Suppression of the dimerization of the viologen radical cation by cucurbit[7]uril ( CB7 ) in water is a well‐known phenomenon. Herein, two counter‐examples are presented. Two viologen‐containing thread molecules were designed, synthesized, and thoroughly characterized by 1 H DOSY NMR spectrometry, UV/Vis absorption spectrophotometry, square‐wave voltammetry, and chronocoulometry: BV 4+ , which contains two viologen subunits, and HV 12+ , which contains six. In both threads, the viologen subunits are covalently bonded to a hexavalent phosphazene core.

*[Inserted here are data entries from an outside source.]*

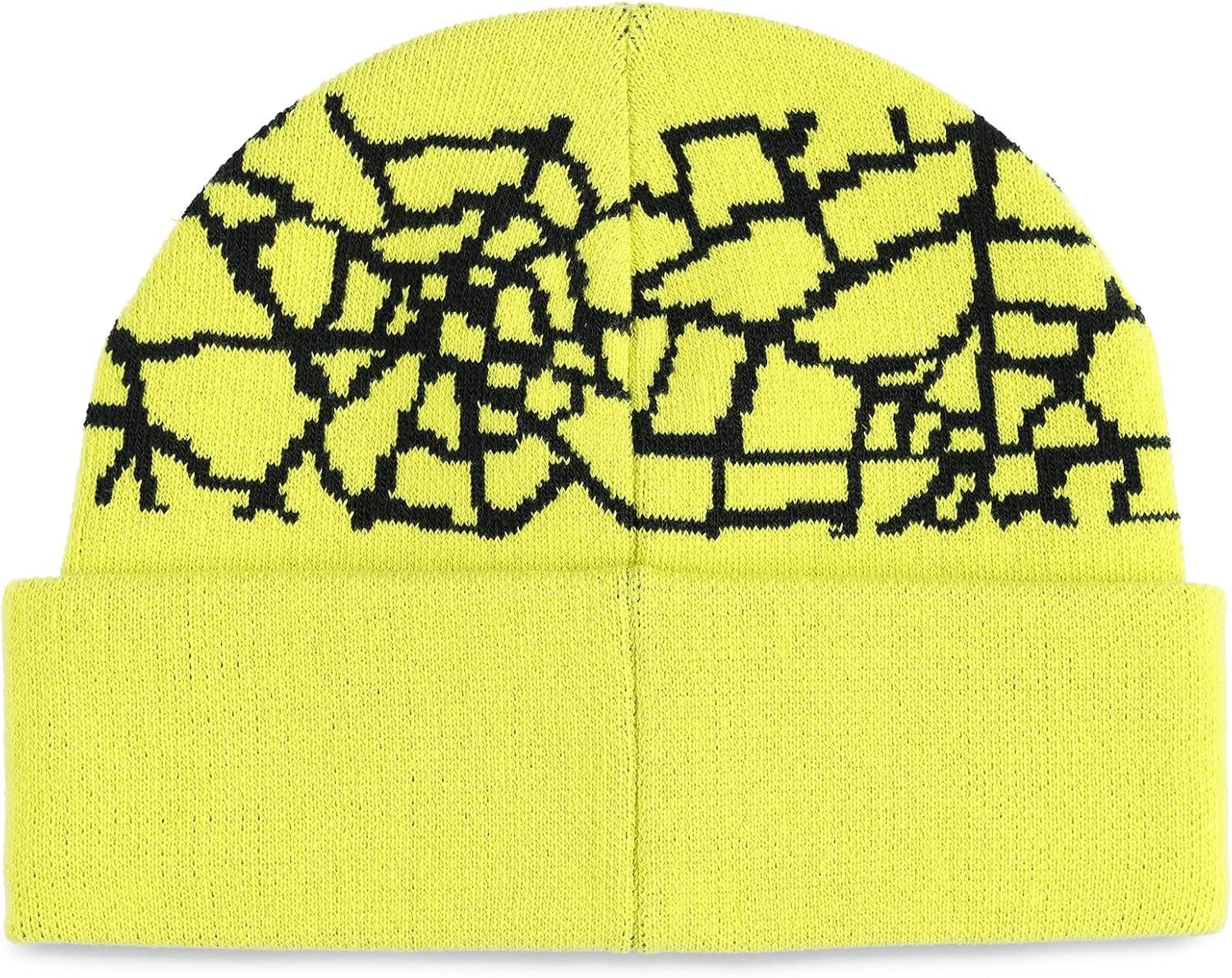 imageSpyder Boys Nebula HatAcid Yellow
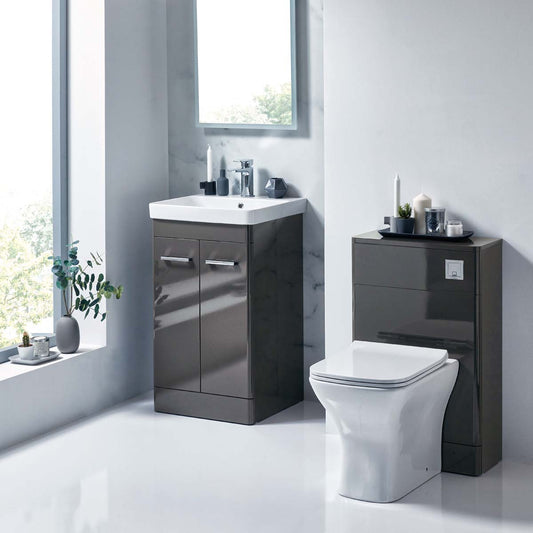 Scudo Rossini 500mm x 800mm Floorstanding WC Unit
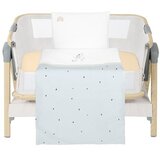 Kikka Boo Posteljina za kolevku set 5 pcs Stripy Friends ( KKB31193 ) | Eponuda.com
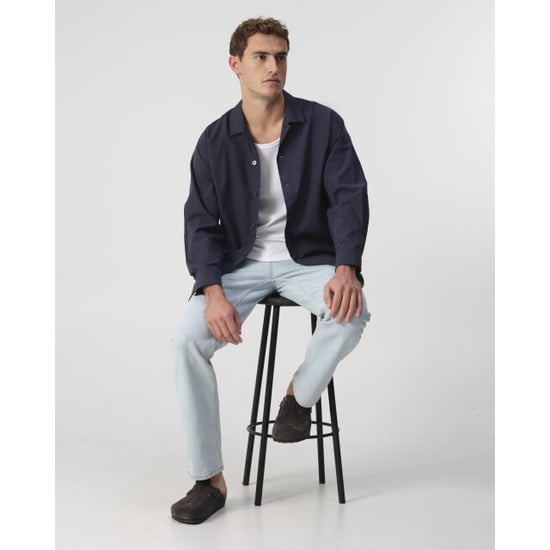 J.C. Rags Casual overhemd donker - Image 2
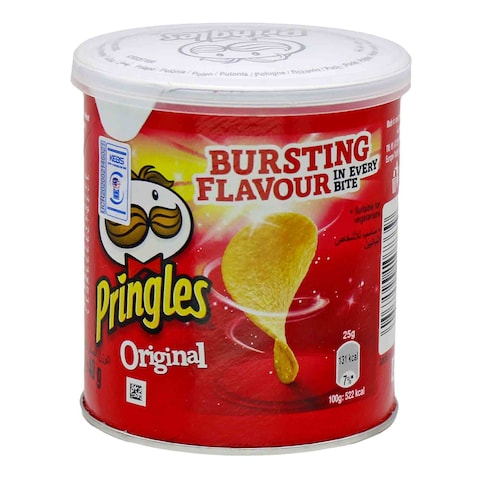Pringles Original Perfect Potato Crisp Chips 40g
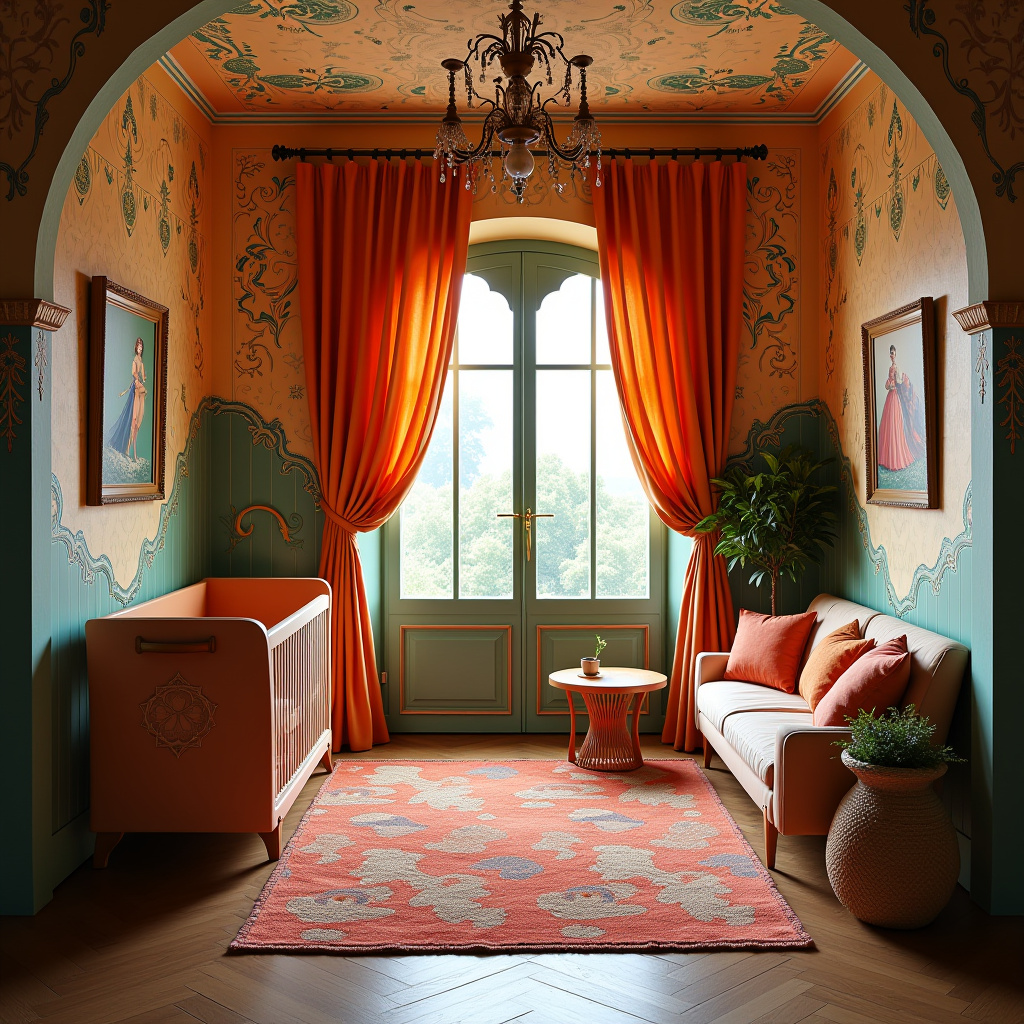 Nursery curtains 57
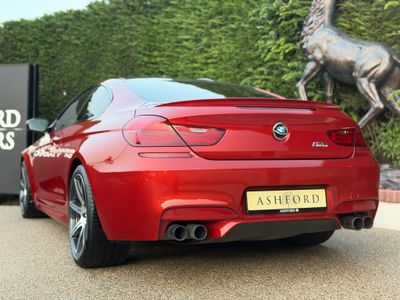 2017 BMW M6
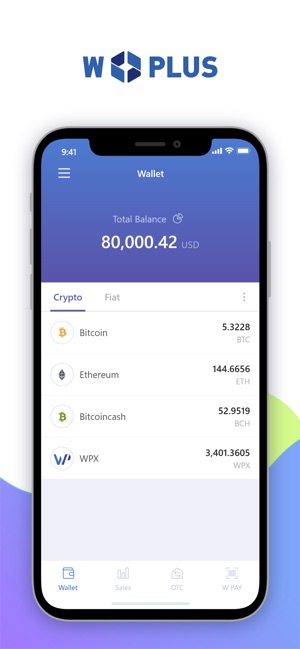 WPLUS Wallet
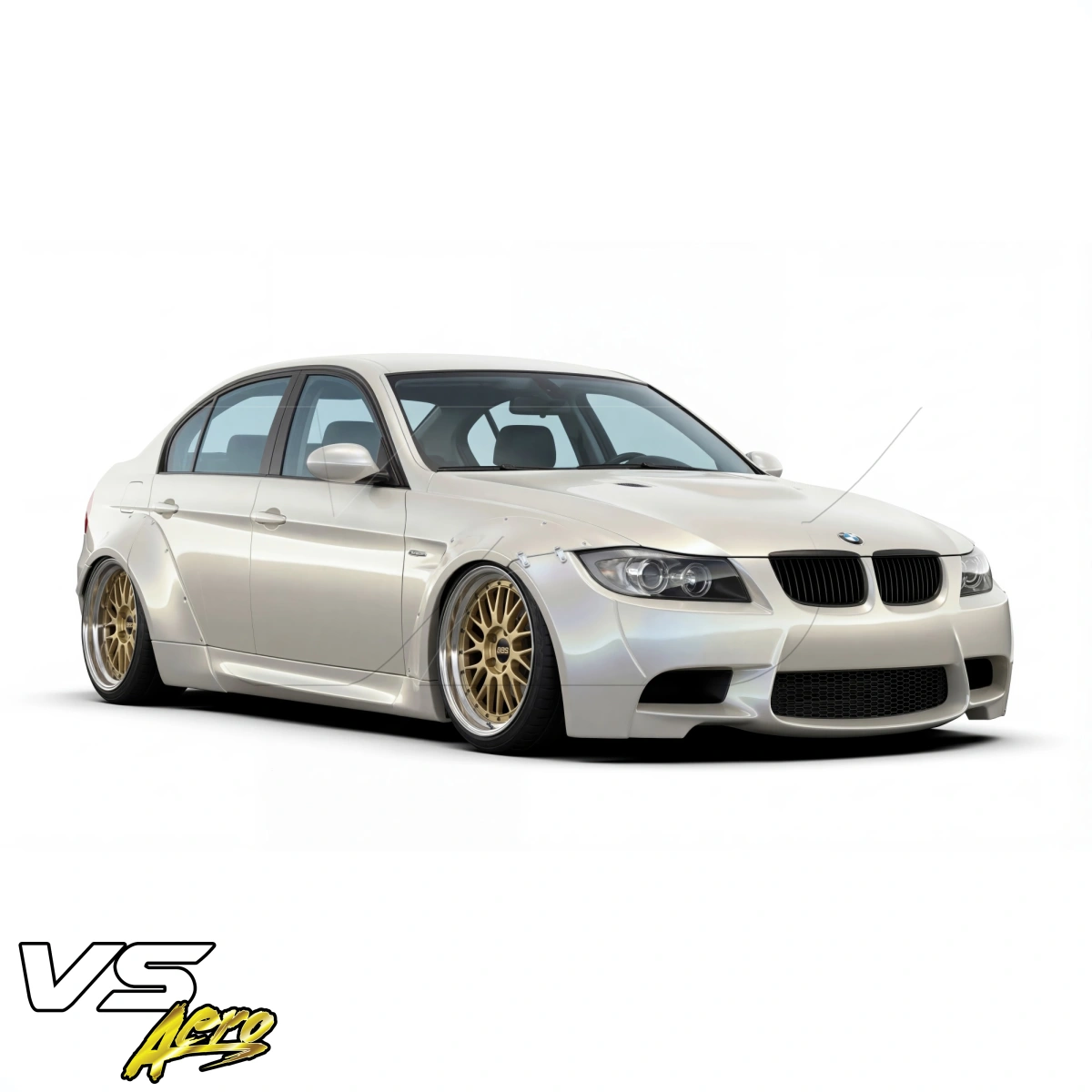 Modify your BMW 3-Series 2009 with our Exterior/Side Skirts - 9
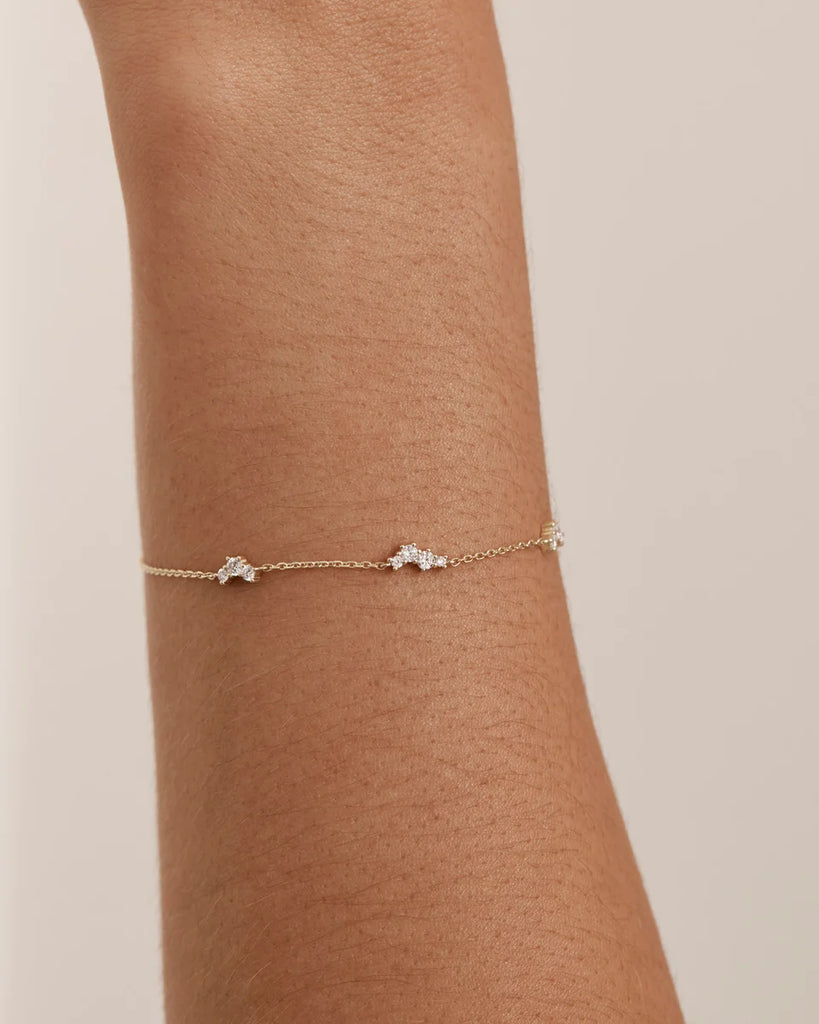 Sunlit Dew Lab Grown Bracelet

The corresponding [3]‐ and [7]pseudorotaxanes that form on complexation with CB7 , that is, BV 4+ ⊂( CB 7) 2 and HV 12+ ⊂( CB 7) 6 , were also analyzed. The properties of two monomeric control threads, namely, methyl viologen ( MV 2+ ) and benzyl methyl viologen ( BMV 2+ ), as well as their [2]pseudorotaxane complexes with CB7 ( MV 2+ ⊂ CB7 and BMV 2+ ⊂ CB7 ) were also investigated. As expected, the control pseudorotaxanes remained intact after one‐electron reduction of their viologen‐recognition stations. In contrast, analogous reduction of BV 4+ ⊂( CB 7) 2 and HV 12+ ⊂( CB 7) 6 led to host–guest decomplexation and release of the free threads BV 2( . +) and HV 6( . +) , respectively. 1 H DOSY NMR spectrometric and chronocoulometric measurements showed that BV 2( . +) and HV 6( . +) have larger diffusion coefficients than the corresponding [3]‐ and [7]pseudorotaxanes, and UV/Vis absorption studies provided evidence for intramolecular radical‐cation dimerization. These results demonstrate that radical‐cation dimerization, a relatively weak interaction, can be used as a driving force in novel molecular switches.